She’s also taken a hard line in the recent talks over whether Greece should remain in the euro. Ms. Grybauskaitė, who leads the latest country to enter the euro currency bloc, has offered some of the toughest words of any leader in the past few weeks.

“The Greek government still wants to party, but the bills have to be paid by somebody else,” she complained in a tweet last month, ahead of a make-or-break summit on whether Greece should get its third bailout in five years and avoid exiting the 19-nation euro.

Ms.
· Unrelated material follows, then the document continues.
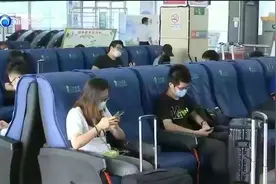 苏欣快客站直达淮安涟水国际机场班车今日开通视频封面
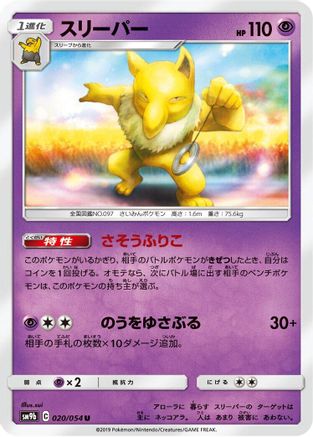 Hypno 020/054 [SM9b Full Metal Wall] (Japanese)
Grybauskaitė leads a confident and tough-talking group of leaders and ministers from the euro’s newest members – the Baltic states of Lithuania, Latvia and Estonia, and Slovenia and Slovakia, which are increasingly preaching a new kind of fiscal tough love.

Their influence is re-shaping some of the continent’s long-held alliances.

The bloc is giving Germany a new set of conservative economic allies who are demanding that E.U. governments stick to the rules, exercise budget discipline, and resist the siren call to spend their way out of slow growth or a debt crisis.

“The leading policymakers here are clearly behind the Germans. You could argue that they are more German than the Germans,” Karsten Staehr, a former official at Estonia’s central bank and now an international finance professor at Tallinn University of Technology, told Handelsblatt Global Edition. “We here would like to think of ourselves as part of ‘northern’ Europe,” he added.